The Thomas Crown Affair--Steve McQueen and Faye Dunaway star in this 1968 classic. In the opening scene, Thomas Crown (McQueen) masterminds a $2.6 million bank robbery of a Boston area bank. Director Norman Jewison skillfully uses split screens and bright light to build the drama for heist. But, the action at the outset is replaced by a well-planned investigation. An insurance investigator (Faye Dunaway), delves into the motives of the robber, eventually leading her to Crown.
The course of the movie examines the interaction between Dunaway and McQueen, a master-mind criminal and an intelligent investigator, as their relationship turns into an affair. Unlike many more recent movies, the drama does not depend solely on the action and the sex, but instead, delves into the psyche of the pursuer and the pursued.
The Revenge of the Pink Panther--Clouseau is at it again. This is probably the second funniest of the Pink Panther movies, but the most intelligent of the series. But there are also moments of utter hilarity.
Clouseau once again roams his familiar haunts--the dim, misty back alleys of Paris. The bumbling detective is presumed killed by a bomb ("boom" in Clouseau-speak) and spends the rest of the movie tracking his killers all the way to Hong Kong.
Peter Sellers' Inspector is one of the film world's classic comedic protagonists. Each place and each person who comes into contact with Clouseau becomes helplessly embroiled in the Inspector's mad, inside-out universe of erector-set winged cars, Disguises by Balls, and Cato's Asian Harem.

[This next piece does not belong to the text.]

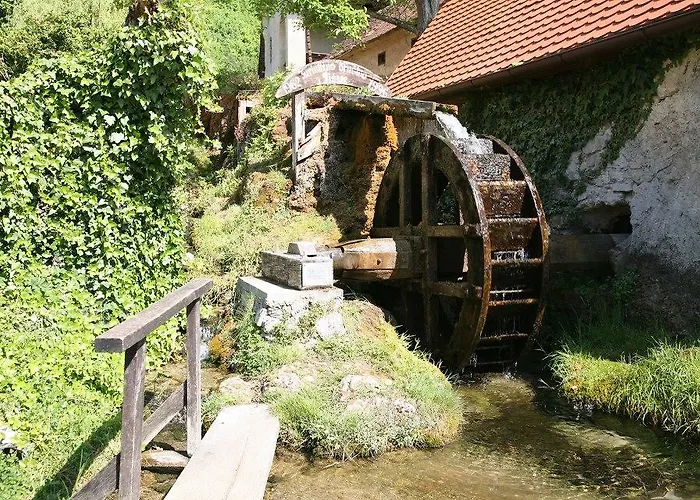 Silva Marija Apartman *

Of course, Herbert Lom, as Clouseau's nemesis on the Paris police force, is unable to snap back from these trips into madness and spends most of the film locked in a padded room.
Director Blake Edwards is right in tune with human nature and its potential for being mocked. His camera captures the murky underside of Parisian middle-class existence as well as the maddening, busy life of Hong Kong's spaghetti-thin streets. As usual, Sellers is athletic and absolutely absorbing as Clouseau, and Herbert Lom is wholly nutty and pop-eyed as the mad chief of police.